Sort the array in ascending order, then walk backwards past every copy of the largest value until you hit the first strictly smaller entry — that is the second largest distinct value.

If no such value exists (all elements equal), return -1.

// Sort ascending, then scan backwards past all copies of the largest
// to find the first strictly smaller value — the second distinct maximum.
// Time: O(n log n)  Space: O(n)
fn second_largest_naive(numbers: &[i64]) -> i64 {
    if numbers.len() < 2 {
        return -1;
    }
    let mut sorted: Vec<i64> = numbers.to_vec();
    sorted.sort();
    let largest: i64 = *sorted.last().unwrap();
    for &val in sorted.iter().rev().skip(1) {
        if val != largest {
            return val;
        }
    }
    -1
}

Time — O(n log n)

Sorting dominates; the reverse scan is O(n).

Space — O(n)

The sorted copy stores n elements.

Time: sorting the full array is overkill when only the top two distinct values matter.

Space: the sorted vector duplicates the input in memory.

Next step: find the largest in one scan, then the best non-largest in a second scan.

Two-Pass Solution

Pass 1: scan once to find largest = numbers.iter().max().

Pass 2: scan again. Ignore any value equal to largest.
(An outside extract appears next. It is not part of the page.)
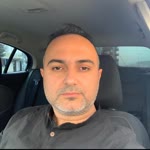 Emrah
Track the maximum of the remaining values as second_largest.

If no value survives pass 2 (all elements equal to largest), return -1.

// Two-pass: find max first, then scan for the largest value strictly below it
fn second_largest_two_pass(numbers: &[i64]) -> i64 {
    if numbers.len() < 2 {
        return -1;
    }
    let largest = *numbers.iter().max().unwrap();
    let mut second_largest = i64::MIN;
    for &number in numbers {
        if number != largest && number > second_largest {
            second_largest = number;
        }
    }
    if second_largest == i64::MIN {
        -1
    } else {
        second_largest
    }
}

Time — O(n)

Pass 1: O(n) for max(). Pass 2: another O(n) scan → O(n) total.

Space — O(1)

Only largest and second_largest scalars — no extra collection.
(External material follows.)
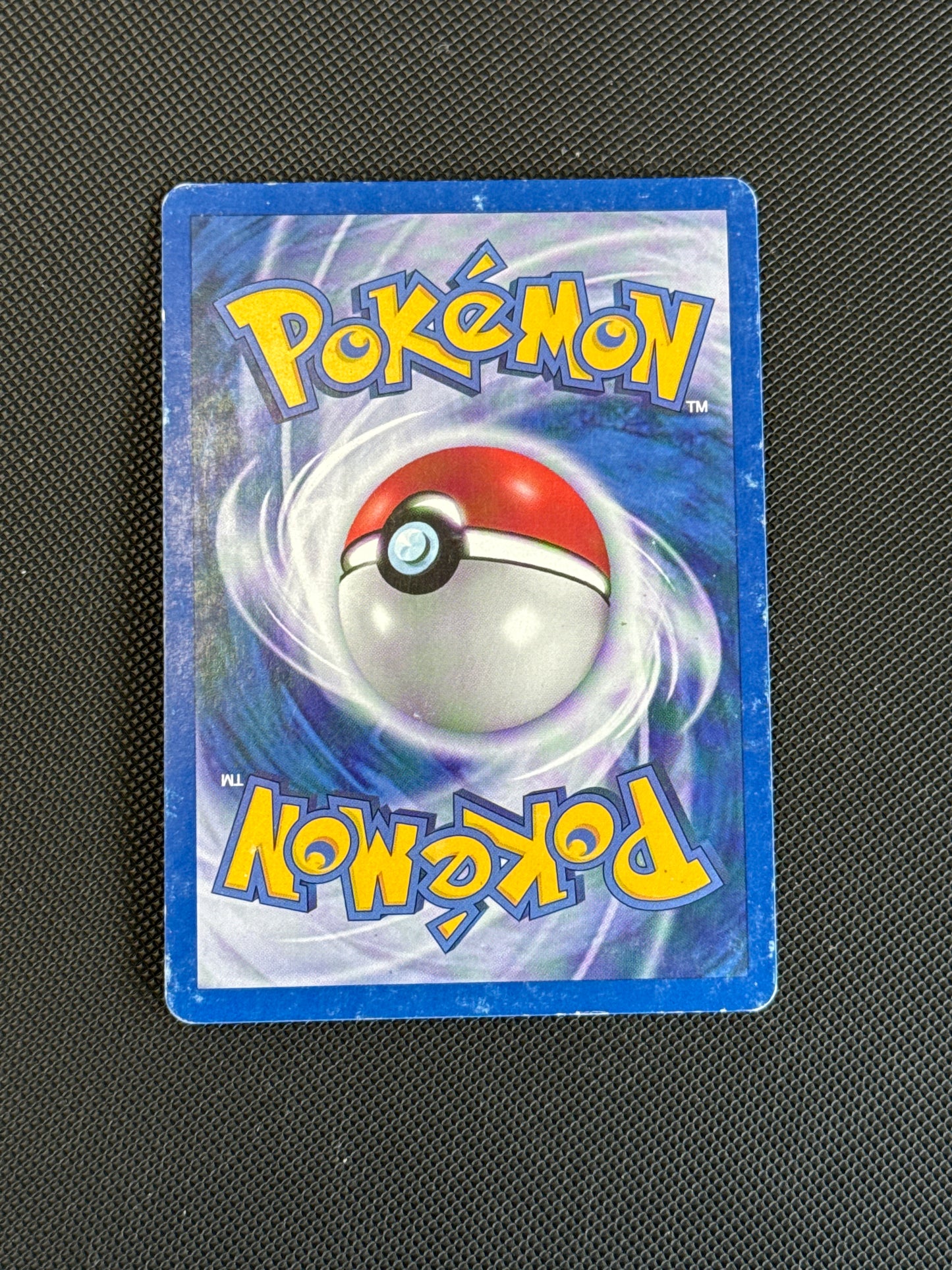 Pokemon Brutalanda ex 103/107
Tradeoff: linear time, but the array is walked twice. Can we track both extrema in a single pass?

Optimal Solution

Maintain two variables in one left-to-right scan:

  • first_largest — best value seen so far
  • second_largest — best value strictly below first_largest

For each number:

  1. If number > first_largest: demote old first to second, promote number to first.
  2. Else if first_largest > number && number > second_largest: update second only.

After the scan, return second_largest if it was updated from i64::MIN; otherwise -1.

// Optimal: single pass tracking first and second distinct maximums
fn second_largest_optimal(numbers: &[i64]) -> i64 {
    if numbers.len() < 2 {
        return -1;
    }
    let mut first_largest = i64::MIN;
    let mut second_largest = i64::MIN;
    for &number in numbers {
        if number > first_largest {
            second_largest = first_largest;
            first_largest = number;
        } else if first_largest > number && number > second_largest {
            second_largest = number;
        }
    }
    if second_largest == i64::MIN {
        -1
    } else {
        second_largest
    }
}

Time — O(n)

Single pass: each element handled once with O(1) comparisons → O(n).

Space — O(1)

Two scalar variables only — no sorted buffer.

Result: same correctness as naive and two-pass, with O(n) time, O(1) space, and one scan instead of two.